I turned around and rode back to the woman and asked, “Are you OK?” She said she was having chest pains and her arm was hurting. Knowing these were the signs of a heart attack I offered to call 911. She said that was not necessary as she had bouts with angina and was familiar with the pain. I offered again to call 911 and again she said she was just uncomfortable and it would pass. I decided to stay with her for a few minutes to make sure something more serious did not develop. We talked some more and during our conversation found out she was a tourist from Florida. She left her family at the hotel to take a morning walk when the pain started.
As I got ready to leave, I asked if I could accompany her back to her hotel or at least give her my cell phone in case she needed to call for assistance. She said thank you and told me that was not necessary. I asked if I could pray for her. I prayed and then said goodbye and rode home.
As I pedaled away from that dear lady, I was overcome with emotion. Here was a person in a life-crisis all alone leaning up against a building in a strange town with no one near who knew her or cared for her. To be alone in a time of need is a fearful experience.
While riding home and processing the encounter and my subsequent emotion, the Lord reminded me this is one of our most important ministries as followers of Jesus. Individuals and entire segments of our culture are leaning up against lonely walls in deep distress. We need to notice their pain and suffering and offer the love of God. God’s love can be expressed by simply asking, “Are you OK?” The question tells people we see them. In the moment we notice someone, they are no longer alone.
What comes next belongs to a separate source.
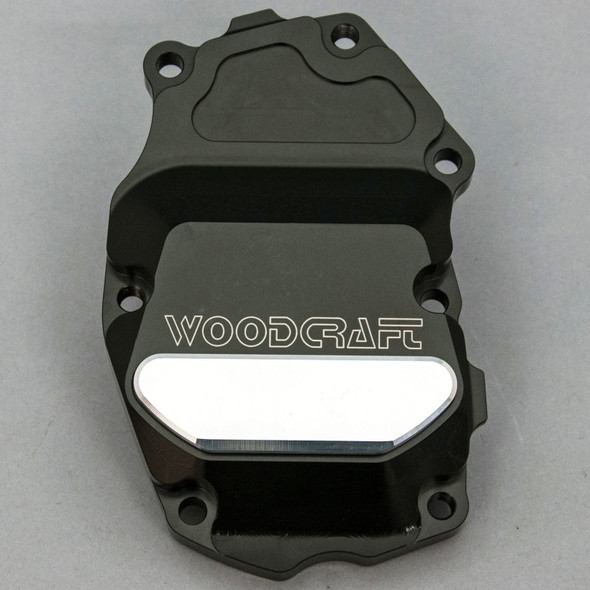 Woodcraft RHS Crank/Ignition Cover Protector : 06-17 Triumph Daytona 675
I was able to experience the beauty of the encounter on Sunday morning by allowing the Spirit to direct me home on a path I don’t normally take. I sometimes think our routines of life get in our way more than we realize. On a predictable and familiar path, we can miss what is waiting for us one street over from our normal pattern.
As I rode away in the cool morning air, I said, “Thank you, Lord, for letting me be part of what just happened.” I felt the beauty and clarity that comes from being bathed in the presence of God. When I got home, I said to Jan, “I just went to church.”